Triaging cudaErrorIllegalAddress Error

I’m trying to fix a weird cuda memory error that pops up seemingly at random during training. This is the stack trace:

  File "train.py", line 99, in <module>
    trainer.train()
  File "/home/dmai/miniconda3/envs/ldm/lib/python3.8/site-packages/transformers/trainer.py", line 1527, in train
    return inner_training_loop(
  File "/home/dmai/miniconda3/envs/ldm/lib/python3.8/site-packages/accelerate/utils/memory.py", line 79, in decorator
    return function(batch_size, *args, **kwargs)
  File "/home/dmai/miniconda3/envs/ldm/lib/python3.8/site-packages/transformers/trainer.py", line 1775, in _inner_training_loop
    tr_loss_step = self.training_step(model, inputs)
  File "/home/dmai/miniconda3/envs/ldm/lib/python3.8/site-packages/transformers/trainer.py", line 2533, in training_step
    self.scaler.scale(loss).backward()
  File "/home/dmai/miniconda3/envs/ldm/lib/python3.8/site-packages/torch/_tensor.py", line 363, in backward
    torch.autograd.backward(self, gradient, retain_graph, create_graph, inputs=inputs)
  File "/home/dmai/miniconda3/envs/ldm/lib/python3.8/site-packages/torch/autograd/__init__.py", line 173, in backward
    Variable._execution_engine.run_backward(  # Calls into the C++ engine to run the backward pass
RuntimeError: unique_by_key: failed to synchronize: cudaErrorIllegalAddress: an illegal memory access was encountered

The error is always unique_by_key: failed to synchronize: cudaErrorIllegalAddress, and it always occurs during the .backward() call of the training loop. This is my training code.

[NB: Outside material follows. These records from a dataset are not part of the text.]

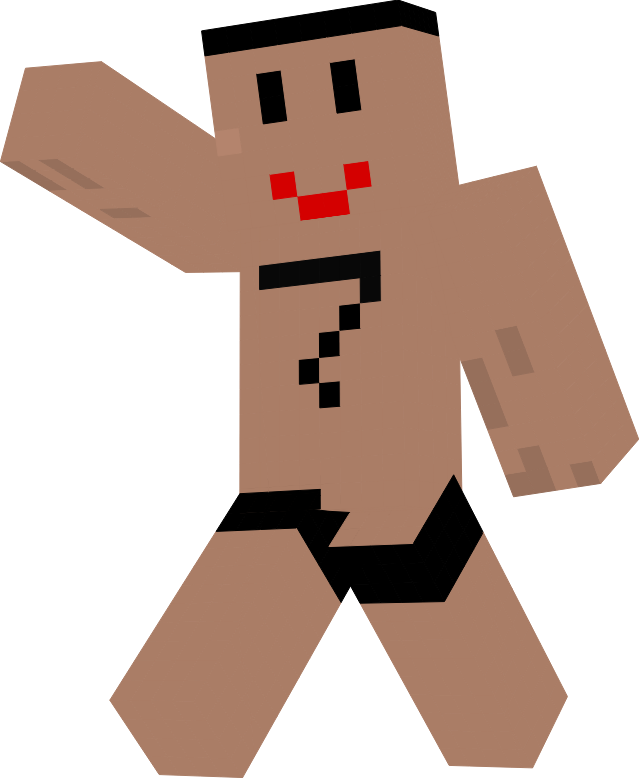 Preview of texture: masaru2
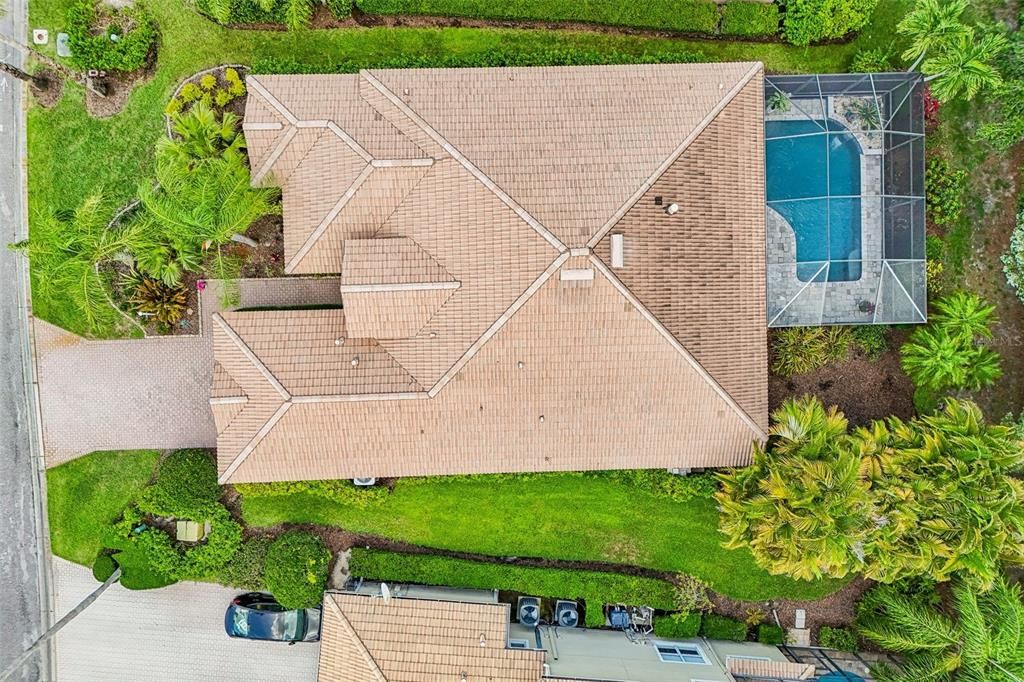 На продажу: $929,900 (4 спален, 2 ванн, 2480 Квадратных фут)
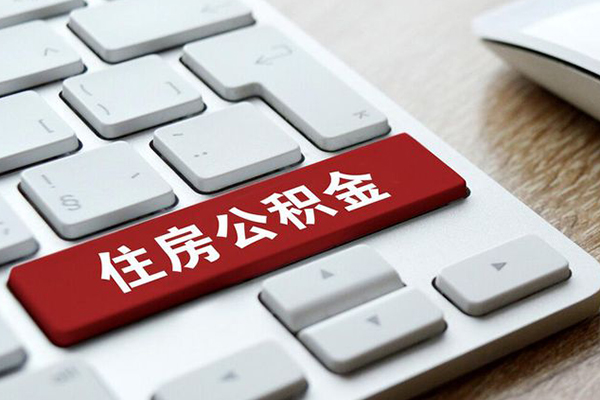 东莞信用贷款私人贷款-东莞信用私人借贷电话号码-东莞信用个人借钱电话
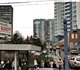 Москве фото смотреть Foto в Недвижимость Квартиры от метро 3 минуты пешком.дом 101к8.2-й этаж.Рядом в Москве 7 100 000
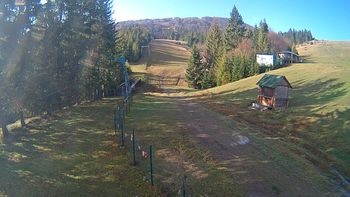 Подобовець 1 листопада 2018 року, 2018-11-01 10:00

The processed dataset is just input_ids and attention_mask, nothing else.

dataset = datasets.load_from_disk('processed_data.hf')

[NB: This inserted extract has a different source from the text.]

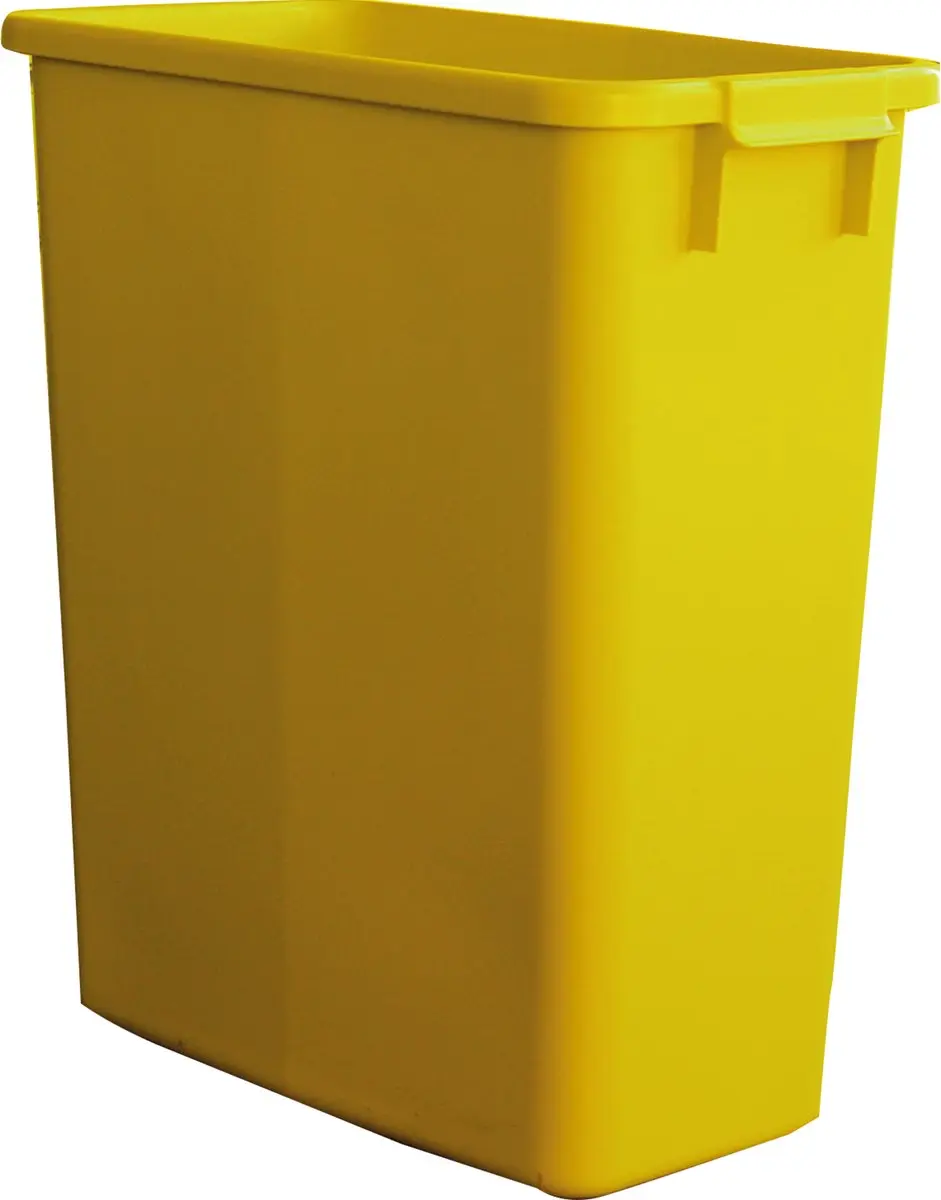 Graf Multifunctionele Container 60 Liter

tokenizer = RobertaTokenizerFast.from_pretrained("./tokenizer", max_len=160, use_fast=True)

config = RobertaConfig(
    vocab_size=8248,
    max_position_embeddings=256,
    num_attention_heads=8,
    num_hidden_layers=6,
    type_vocab_size=1)

model = RobertaForMaskedLM(config=config)

data_collator = DataCollatorForLanguageModeling(
    tokenizer=tokenizer, mlm=True, mlm_probability=0.15
)

bs = 256
accum = 4

training_args = TrainingArguments(
    output_dir="./checkpoints",
    overwrite_output_dir=True,
    num_train_epochs=1,
    auto_find_batch_size=True,
    per_device_train_batch_size=bs,
    save_steps=500,
    save_total_limit=4,
    prediction_loss_only=True,
    report_to='none',
    gradient_accumulation_steps=accum,
    fp16=True,
)

trainer = Trainer(
    model=model,
    args=training_args,
    data_collator=data_collator,
    train_dataset=dataset,
)

trainer.train()

My initial thought was this was a memory issue, so I lowered my batch size to the point where I’m only using 50% of my GPU memory during training - issue persists.

Then I thought there might be a few really long training examples causing memory issues when they found their way into the dataloader, so I removed the top 25% longest examples - the issue persists.

Does anyone know how I might go about finding the cause of this? I haven’t been able to recreate the issue on CPU, so I don’t have a more informative error message. Training progresses normally using only 50% GPU memory, then randomly goes off the rails.

Versions running:
Pytorch 1.11.0 (py3.8_cuda11.3_cudnn8.2.0_0)
Cuda 11.1
Transformers 4.25.1
Accelerate 0.12.0

1 Like

I think this might be related to a NaN loss going into the FP16 scaler? ref

Not sure why the scaler wouldn’t catch that and skip the batch

edit: caught a few NaN batches going into the self.scaler.scale(loss).backward() step, but I’ve since also seen the error triggered by normal loss values

@entropy
I’m currently getting a similar error. Did you ever resolve this?